# Books from the Philippines



## arnisandyz (Mar 26, 2003)

Has anyone seen or heard of these books before?  My father in law sent them to me.  One of them is printed in Tagalog, but it has pictures!  They're pretty intereseting.

Andy


----------



## Guro Harold (Mar 26, 2003)

Yes, I have an english copy of the second edition.  I Think that MARPPIO is now spearheading the third edition printing as we speak with new pictures.


----------



## moromoro (Mar 26, 2003)

i have bought all remy presas books last month in the philippines..
the above book cost 135pesos and the blue book modern arnis and its tagalog translation as well cost only 145pesos.... do not pay which is a little over $2 dollars U.S dont pay over $20 or $30 which i have seen advertised in several of the modern arnis websites...

Also i have the entire ernesto presas book collection all of his books cost 250 pesos each he is selling them in his website for $25 and $15 each do not pay this.....

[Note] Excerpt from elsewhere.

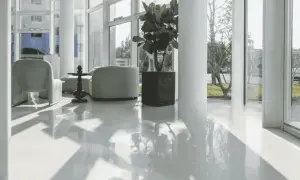 Nowoczesna przestrzeń z białym, lustrzanym blaskiem. Sprawdź, jaka jest podłoga z żywicy cena za metr.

all of the above mentioned books are available at every national bookstore which you will find in every big mall in luzon


thanks

terry


----------



## arnisandyz (Mar 27, 2003)

Terry,

Your exactly right.  On the back of the book there is a big National Bookstore logo.  Not only do they sell books, but they also publish/print.  Production quality leaves some to be desired, but as you mentioned, for a couple bucks its well worth the price.  I had no idea that people were paying that much for this little book.  I guess people tend to take advantage if your an avid Presas fan and can't get to the PI or don't have connections there.


----------



## Rich Parsons (Mar 27, 2003)

I read the English version and I find it very informative and I like it. One of my original instructors, had a copy of the book. I hope to get a copy here real soon for myself.


----------



## Dan Anderson (Mar 27, 2003)

> _Originally posted by moromoro _
> *i have bought all remy presas books last month in the philippines..
> the above book cost 135pesos and the blue book modern arnis and its tagalog translation as well cost only 145pesos.... do not pay which is a little over $2 dollars U.S dont pay over $20 or $30 which i have seen advertised in several of the modern arnis websites...
> 
> ...


Terry,

Do you have access to where these books are sold?  I know that Prof. Presas wrote a book in Tagalog prior to any of his English books and that is the one missing from my collection.

Yours,
Dan Anderson


----------



## moromoro (Mar 27, 2003)

yes dan, the national bookstore sells all of those books, i bought a tagalog version again it was only 145pesos... the national bookstore is like the filipino barnes and noble i think you can order online and they will send it to the states for you...

here is their 

url

www.nationalbookstore.com.ph

hope this helps

terry


----------